Romance isn't dead, it's history: Mattapoisett man shares love of past

By Tanner Harding | Sep 07, 2017
Photo by: Tanner Harding Seth Mendell admires some of the old farming equipment in the carriage house of the Mattapoisett Historical Society.

Mattapoisett — There are multiple Mendell Roads throughout the tri-town. There was once a Mendell Electric Company. The captain of the Mattapoisett militia in the War of 1812 was a Mendell. For pretty much as long as there have been settlers in the area, there have been Mendells.

“The Mendells were some of the early settlers in [old] Rochester in the 1680s,” Seth Mendell said. “We were part of the villages on the water.”

That hasn't changed much in 300 years, according to Mendell. Though now a resident of Florida, Mendell, the president emeritus of the Mattapoisett Historical Society, spends summers with his wife on the shores of Mattapoisett.

Life for Mendell isn’t so different now from when he was young – summers in Mattapoisett and the rest of the year in Florida. “I thought everyone lived like that,” he laughed.

After his idyllic childhood, Mendell went to Rollins College in Winter Park, Florida. He graduated in 1956 and then “did a stint in the service for Uncle Sam, like everyone had to in those days.”

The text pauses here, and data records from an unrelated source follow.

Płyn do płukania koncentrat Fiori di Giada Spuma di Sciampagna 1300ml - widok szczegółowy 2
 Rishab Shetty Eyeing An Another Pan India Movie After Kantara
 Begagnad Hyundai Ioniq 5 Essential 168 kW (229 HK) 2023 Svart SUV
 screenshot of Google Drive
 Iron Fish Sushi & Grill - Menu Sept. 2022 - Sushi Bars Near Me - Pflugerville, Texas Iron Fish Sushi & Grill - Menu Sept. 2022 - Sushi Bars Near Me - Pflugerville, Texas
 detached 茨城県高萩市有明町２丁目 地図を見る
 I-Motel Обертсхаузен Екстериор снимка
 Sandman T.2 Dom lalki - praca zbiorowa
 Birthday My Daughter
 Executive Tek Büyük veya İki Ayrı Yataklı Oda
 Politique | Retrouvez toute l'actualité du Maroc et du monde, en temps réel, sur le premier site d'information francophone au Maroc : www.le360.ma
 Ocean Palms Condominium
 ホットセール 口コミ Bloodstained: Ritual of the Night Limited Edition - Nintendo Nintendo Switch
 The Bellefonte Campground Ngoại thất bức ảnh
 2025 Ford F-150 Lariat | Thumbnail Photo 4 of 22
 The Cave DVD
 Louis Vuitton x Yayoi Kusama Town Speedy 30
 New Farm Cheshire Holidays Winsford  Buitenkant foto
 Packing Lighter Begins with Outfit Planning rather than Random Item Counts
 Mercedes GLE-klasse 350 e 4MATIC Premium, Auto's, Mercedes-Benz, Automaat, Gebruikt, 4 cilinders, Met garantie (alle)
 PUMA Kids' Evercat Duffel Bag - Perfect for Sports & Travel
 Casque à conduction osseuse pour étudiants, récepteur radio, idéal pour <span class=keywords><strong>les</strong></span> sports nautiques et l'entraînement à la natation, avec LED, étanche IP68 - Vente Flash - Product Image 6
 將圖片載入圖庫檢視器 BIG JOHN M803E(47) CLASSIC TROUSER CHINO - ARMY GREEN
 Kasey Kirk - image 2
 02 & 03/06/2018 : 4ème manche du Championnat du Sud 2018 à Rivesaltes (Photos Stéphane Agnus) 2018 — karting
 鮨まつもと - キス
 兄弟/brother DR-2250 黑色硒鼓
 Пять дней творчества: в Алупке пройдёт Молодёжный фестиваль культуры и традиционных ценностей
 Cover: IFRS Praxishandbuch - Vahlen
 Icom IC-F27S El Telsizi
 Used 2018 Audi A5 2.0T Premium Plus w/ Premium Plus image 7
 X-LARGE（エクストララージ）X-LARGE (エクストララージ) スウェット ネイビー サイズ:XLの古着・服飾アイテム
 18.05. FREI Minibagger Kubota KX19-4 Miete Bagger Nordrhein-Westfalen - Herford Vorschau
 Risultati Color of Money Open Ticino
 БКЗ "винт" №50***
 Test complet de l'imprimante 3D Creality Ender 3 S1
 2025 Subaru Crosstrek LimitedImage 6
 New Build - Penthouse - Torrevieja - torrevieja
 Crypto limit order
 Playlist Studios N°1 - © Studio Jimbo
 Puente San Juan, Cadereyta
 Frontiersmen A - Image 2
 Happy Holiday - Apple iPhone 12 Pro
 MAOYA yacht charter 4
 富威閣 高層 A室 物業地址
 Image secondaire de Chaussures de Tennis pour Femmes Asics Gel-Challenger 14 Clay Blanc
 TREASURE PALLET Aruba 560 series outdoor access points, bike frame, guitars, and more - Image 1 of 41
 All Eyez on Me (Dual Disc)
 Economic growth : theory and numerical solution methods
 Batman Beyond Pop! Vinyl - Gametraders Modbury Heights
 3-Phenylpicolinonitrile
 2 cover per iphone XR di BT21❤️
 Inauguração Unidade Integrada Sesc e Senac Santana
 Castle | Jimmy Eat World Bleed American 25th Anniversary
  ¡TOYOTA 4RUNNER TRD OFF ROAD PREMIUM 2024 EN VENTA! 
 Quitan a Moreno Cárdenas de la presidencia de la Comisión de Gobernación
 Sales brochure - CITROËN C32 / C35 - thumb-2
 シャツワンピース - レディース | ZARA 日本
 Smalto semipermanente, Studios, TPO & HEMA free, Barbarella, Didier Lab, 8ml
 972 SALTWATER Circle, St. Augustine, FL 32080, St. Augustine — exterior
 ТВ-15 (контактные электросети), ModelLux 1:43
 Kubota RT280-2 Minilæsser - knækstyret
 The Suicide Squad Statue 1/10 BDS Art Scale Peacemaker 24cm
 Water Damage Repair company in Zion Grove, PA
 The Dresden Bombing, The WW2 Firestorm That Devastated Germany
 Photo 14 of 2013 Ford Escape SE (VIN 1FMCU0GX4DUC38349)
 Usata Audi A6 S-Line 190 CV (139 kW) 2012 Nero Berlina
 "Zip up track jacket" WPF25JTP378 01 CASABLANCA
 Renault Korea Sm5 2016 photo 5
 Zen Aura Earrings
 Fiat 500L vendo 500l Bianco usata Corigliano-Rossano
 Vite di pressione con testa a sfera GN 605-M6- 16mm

He spent two years in Germany with the Army, and then started teaching history at Avon Old Farms, an all-boys private school in Avon, Connecticut. While teaching there, he got his Master’s Degree at Trinity College in Hartford and married his wife Alice.

Mendell left his job at Avon Old Farms after about 30 years and moved back to Mattapoisett.

“We lived at 28 North St.,” he said. “That house had been in my family for years. My folks lived there.”

After returning to Mattapoisett, Mendell became involved in the historical society, a group his father was instrumental in forming in 1957. Mendell said he had always done well in history in school, but credited his years in the Army with really sparking his interest.

“During my stint in Germany, I would go into the base library and read. I read a book about Napoleon,” he said. “During leave, I traveled and learned in Europe.”

Since becoming involved in the historical society, Mendell is known for giving lectures and historical walking tours of Mattapoisett.

“Mattapoisett kind of has two sides to it’s history,” he said. “One side is the waterfront, where there was shipbuilding and whaling history, the other is the rural history. My father had a lot of agricultural artifacts.”

Mendell said his favorite topic is Russian history, and tends to favor European history in general, but said Mattapoisett’s whaling history does interest him.

“Mattapoisett built all sorts of whaling ships,” he said. “That gives the history a little more oomph and interest than just a little podunk town here or there.”

It’s learning about interesting pasts like Mattapoisett’s that make history such a passion of Mendell’s.

“In other disciplines there is no meat, no romance,” he said. “In history you can tell stories, get people’s interest. You can make it come alive.”

Mendell added that it was getting other people to see this that is what made him enjoy teaching, and now lecturing, so much.

“There’s nothing like talking to a group of people and then seeing their eyes come alive with interest,” he said.

Currently, Mendell lectures both in Mattapoisett and Florida. In between speaking events, he is orating his lectures to be transcribed for a book, so people will be able to read his historical lectures for years to come.

“It would be nice if all of it could be preserved and not taken to the grave,” he said.